[What you should do] Print out every entry that follows, exactly as written.

+++ Data provided

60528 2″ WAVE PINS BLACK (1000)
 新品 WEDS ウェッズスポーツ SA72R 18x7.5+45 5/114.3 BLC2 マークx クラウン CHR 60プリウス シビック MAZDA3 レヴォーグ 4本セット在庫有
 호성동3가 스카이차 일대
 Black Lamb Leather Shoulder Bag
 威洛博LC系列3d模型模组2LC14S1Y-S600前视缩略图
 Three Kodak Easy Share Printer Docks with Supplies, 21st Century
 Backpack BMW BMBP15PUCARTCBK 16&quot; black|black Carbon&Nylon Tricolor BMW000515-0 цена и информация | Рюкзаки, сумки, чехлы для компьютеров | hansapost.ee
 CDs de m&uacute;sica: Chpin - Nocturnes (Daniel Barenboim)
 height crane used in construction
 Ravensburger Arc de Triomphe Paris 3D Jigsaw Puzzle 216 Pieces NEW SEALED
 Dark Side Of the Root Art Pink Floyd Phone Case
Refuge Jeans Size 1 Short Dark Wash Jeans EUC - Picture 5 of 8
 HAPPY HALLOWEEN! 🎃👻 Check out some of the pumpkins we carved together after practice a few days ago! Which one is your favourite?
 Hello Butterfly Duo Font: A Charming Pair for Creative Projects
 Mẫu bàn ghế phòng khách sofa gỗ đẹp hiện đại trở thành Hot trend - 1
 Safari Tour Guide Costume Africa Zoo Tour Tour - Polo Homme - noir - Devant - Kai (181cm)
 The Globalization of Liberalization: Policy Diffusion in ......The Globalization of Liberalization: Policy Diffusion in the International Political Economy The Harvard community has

++++++

[Solution to this problem]
60528 2″ WAVE PINS BLACK (1000)
 新品 WEDS ウェッズスポーツ SA72R 18x7.5+45 5/114.3 BLC2 マークx クラウン CHR 60プリウス シビック MAZDA3 レヴォーグ 4本セット在庫有
 호성동3가 스카이차 일대
 Black Lamb Leather Shoulder Bag
 威洛博LC系列3d模型模组2LC14S1Y-S600前视缩略图
 Three Kodak Easy Share Printer Docks with Supplies, 21st Century
 Backpack BMW BMBP15PUCARTCBK 16&quot; black|black Carbon&Nylon Tricolor BMW000515-0 цена и информация | Рюкзаки, сумки, чехлы для компьютеров | hansapost.ee
 CDs de m&uacute;sica: Chpin - Nocturnes (Daniel Barenboim)
 height crane used in construction
 Ravensburger Arc de Triomphe Paris 3D Jigsaw Puzzle 216 Pieces NEW SEALED
 Dark Side Of the Root Art Pink Floyd Phone Case
Refuge Jeans Size 1 Short Dark Wash Jeans EUC - Picture 5 of 8
 HAPPY HALLOWEEN! 🎃👻 Check out some of the pumpkins we carved together after practice a few days ago! Which one is your favourite?
 Hello Butterfly Duo Font: A Charming Pair for Creative Projects
 Mẫu bàn ghế phòng khách sofa gỗ đẹp hiện đại trở thành Hot trend - 1
 Safari Tour Guide Costume Africa Zoo Tour Tour - Polo Homme - noir - Devant - Kai (181cm)
 The Globalization of Liberalization: Policy Diffusion in ......The Globalization of Liberalization: Policy Diffusion in the International Political Economy The Harvard community has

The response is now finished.